- **WHAT YOU WILL DO**
Go to the line with "Table Basse Ronde" in the material below and copy from there through the line with "RC Dress With", exactly. Pictures are not copied.

- **SUPPLIED RECORDS**

_ _ _ _ _

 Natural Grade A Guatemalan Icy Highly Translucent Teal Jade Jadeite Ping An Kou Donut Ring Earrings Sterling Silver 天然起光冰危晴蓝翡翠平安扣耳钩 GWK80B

_ _ _ _ _

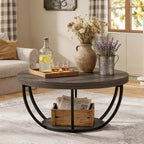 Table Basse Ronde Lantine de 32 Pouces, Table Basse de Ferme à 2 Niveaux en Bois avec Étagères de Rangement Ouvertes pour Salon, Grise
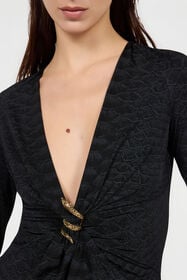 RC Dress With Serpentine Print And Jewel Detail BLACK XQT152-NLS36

_ _ _ _ _

- **ANSWER TO THIS PROBLEM**
 Table Basse Ronde Lantine de 32 Pouces, Table Basse de Ferme à 2 Niveaux en Bois avec Étagères de Rangement Ouvertes pour Salon, Grise
 RC Dress With Serpentine Print And Jewel Detail BLACK XQT152-NLS36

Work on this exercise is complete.